> **Work to complete**
Pictures are not part of the copy. Reproduce all the records exactly.

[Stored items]

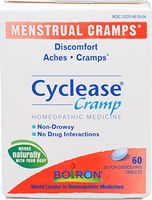 Boiron, Cyclease Cramp, 60 Count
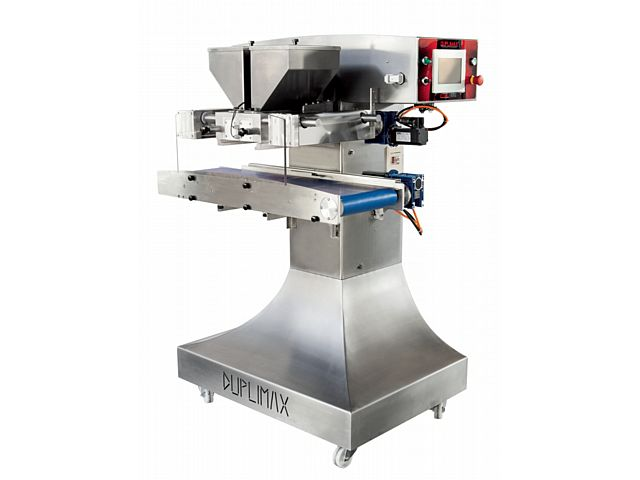 意大利 FBM srl 巧克力加工设备 DUPLIMAX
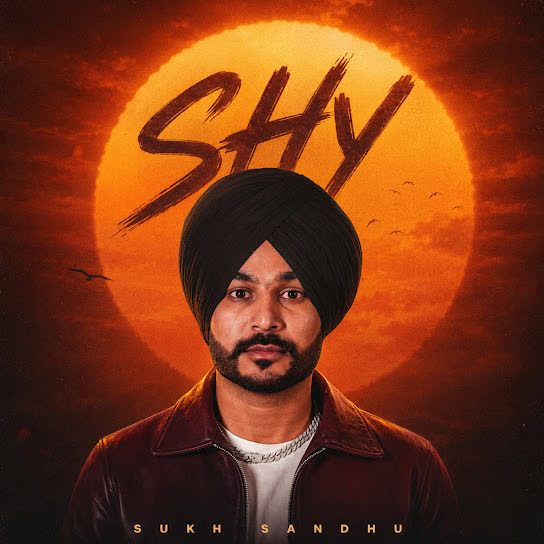 Shy cover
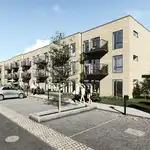 Et billede fra boligen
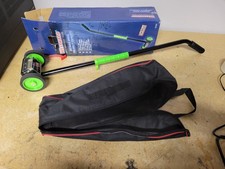 Westward 1EJX5 Measuring Wheel 100,000 ft Range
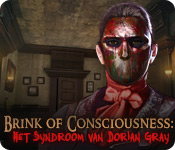 Brink of Consciousness: Het Syndroom van Dorian Gray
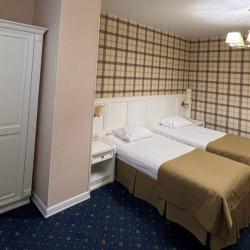 Фото Отель Chester (Честер)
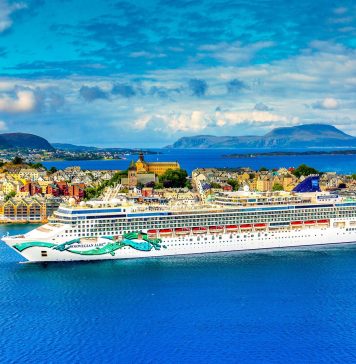 북유럽과 러시아를 크루즈로 여행해야 할 네가지 이유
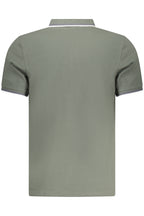 NORTH SAILS Men Polo Shirt - Green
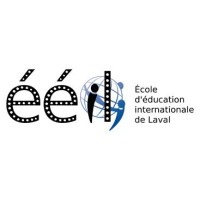 École d'Éducation Internationale de Laval logo - Similar company to Association Des Diplômés De L'Ecole Supérieure De Banque (Adeb)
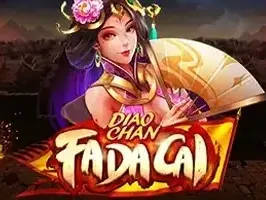 DIAO CHAN FA DA CAI game icon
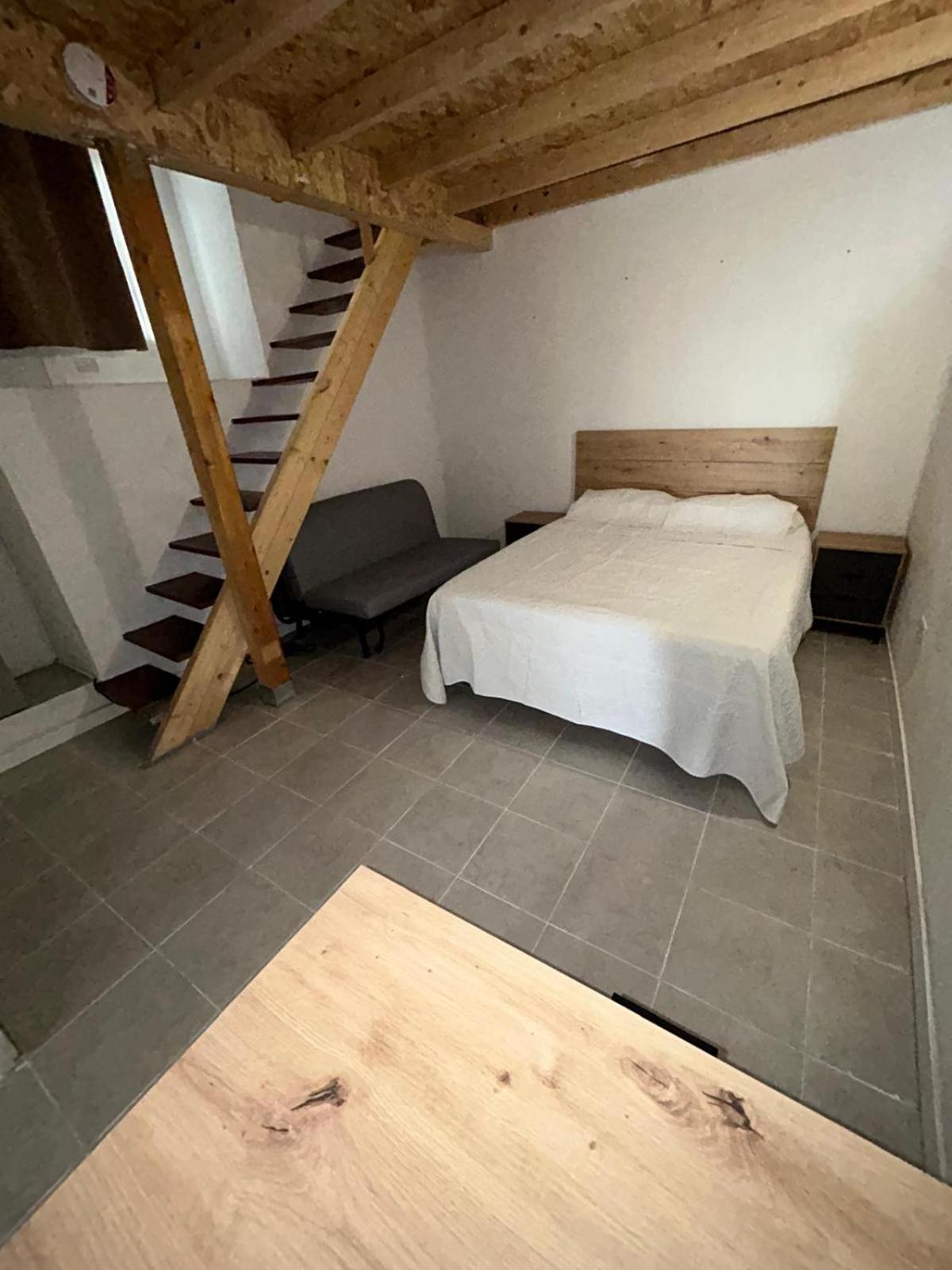 Apartamento Molino De Viento Jerez de la Frontera Eksteriør bilde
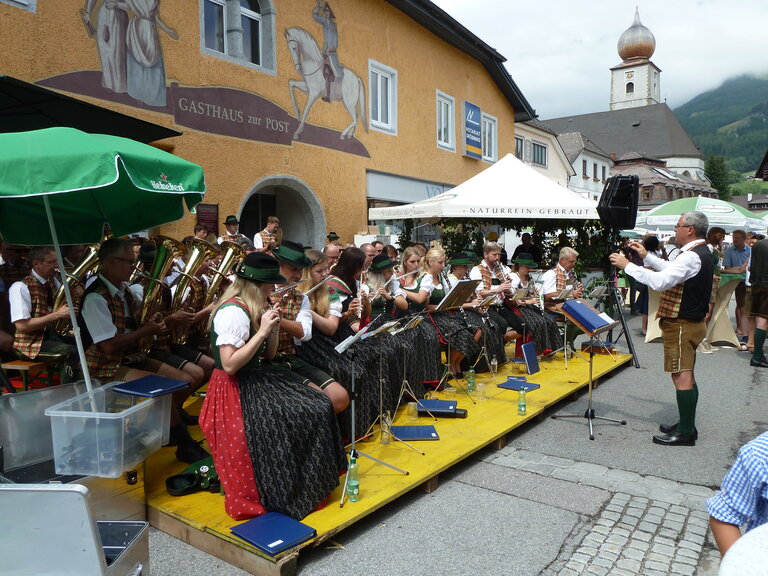 traditional old styrian festival - Impression #2.3 | © Marianne Ritzinger 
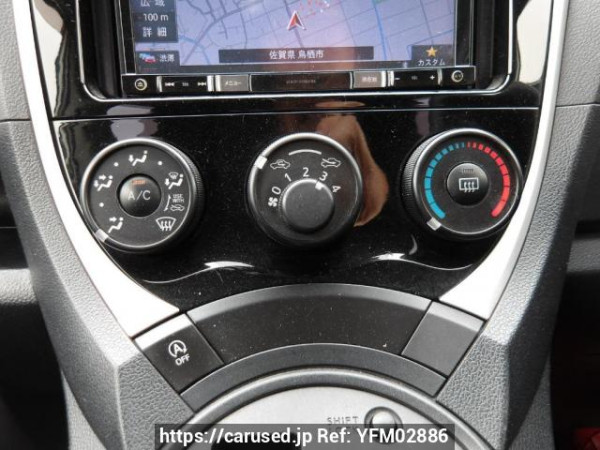 Used 2015 AT subaru trezia NSP120X Image[22]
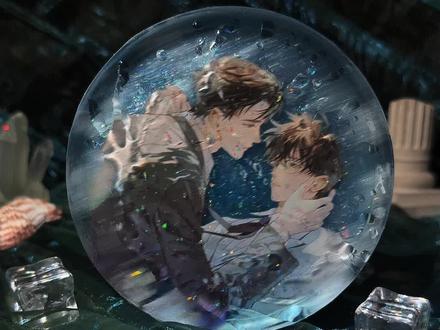 竟然在流麻上做出了速度感 #手工 #流麻 #流沙麻将 #谷美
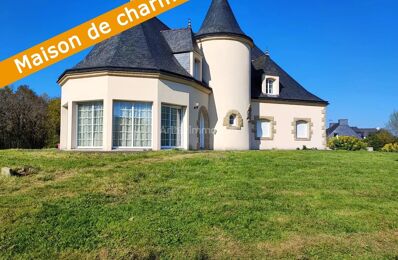 vente maison 748 080 € à proximité de La Méaugon (22440)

> **Result**
 Boiron, Cyclease Cramp, 60 Count
 意大利 FBM srl 巧克力加工设备 DUPLIMAX
 Shy cover
 Et billede fra boligen
 Westward 1EJX5 Measuring Wheel 100,000 ft Range
 Brink of Consciousness: Het Syndroom van Dorian Gray
 Фото Отель Chester (Честер)
 북유럽과 러시아를 크루즈로 여행해야 할 네가지 이유
 NORTH SAILS Men Polo Shirt - Green
 École d'Éducation Internationale de Laval logo - Similar company to Association Des Diplômés De L'Ecole Supérieure De Banque (Adeb)
 DIAO CHAN FA DA CAI game icon
 Apartamento Molino De Viento Jerez de la Frontera Eksteriør bilde
 traditional old styrian festival - Impression #2.3 | © Marianne Ritzinger 
 Used 2015 AT subaru trezia NSP120X Image[22]
 竟然在流麻上做出了速度感 #手工 #流麻 #流沙麻将 #谷美
 vente maison 748 080 € à proximité de La Méaugon (22440)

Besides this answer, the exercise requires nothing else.